Active Idle Power Consumption (No LPM)Idle Power Consumption

Updated February 1, 2018: The first time we ran the Intel SSD 760p through our idle power tests, it didn't go so well. The active idle power improvement brought by the SM2262 controller was clear, but when all the deeper idle power states were re-enabled the 760p actually started using more power. We haven't been able to fully determine what went wrong with that test run, but further investigation has revealed at least one apparent but minor bug in how the 760p handles the NVMe APST feature.

After turning off APST (and PCIe ASPM) to get the active idle power reading and a baseline for the idle wake-up latency, our test script re-enables APST and ASPM then give the drive a few minutes to settle down into its deepest sleep state before recording the idle power measurement. From what we have observed, this is not sufficient to actually get the 760p to its lowest power level. Enabling PCIe ASPM saves significant power, but the drive remains in power state 0 (active) even after APST is turned back on. The drive doesn't drop down to power states 3 or 4 (idle) until it receives at least one more command, after which it will start using the lower power states.

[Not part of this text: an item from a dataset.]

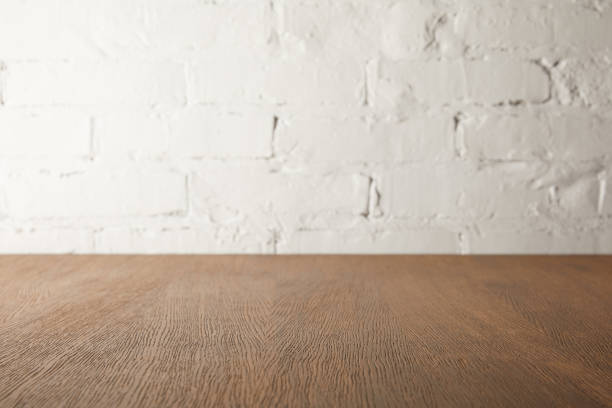 istock brown wooden tabletop and white wall with bricks 971396430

During ordinary real-world usage, APST will either be off (many desktops) or on (most laptops) full-time, and this particular bug would never be triggered even momentarily. To work around this bug, we've adjusted the idle power test scripts to poke the drive with one extra command after re-enabling APST, and that has resulted in the 760p setting a new record for PCIe SSD power savings. Since we haven't re-tested all of our M.2 PCIe SSDs with our new Quarch programmable power module yet, we aren't 100% certain that the 760p is the lowest-power NVMe drive out there, but it looks likely. The deepest idle state of the 760p also compares favorably against 2.5" SATA SSD in slumber state, the deepest achievable on desktop systems. SATA SSDs in laptops that can make use of the DEVSLEEP state may beat the 760p's deepest idle state, but we aren't set up to measure that.

Idle Wake-Up Latency

The excellent power savings in the deepest idle state provided by the Intel SSD 760p comes at the cost of a relatively sluggish 60ms wake-up latency. The 760p is still much quicker to wake up than the 600p was, and it is worth keeping in mind that not every transition out of idle will be this slow—the 760p has an intermediate idle state where it draws about 31mW and wakes up 1.8ms. During shorter idle periods, the 760p will be in this intermediate state that still offers an excellent balance of power and performance.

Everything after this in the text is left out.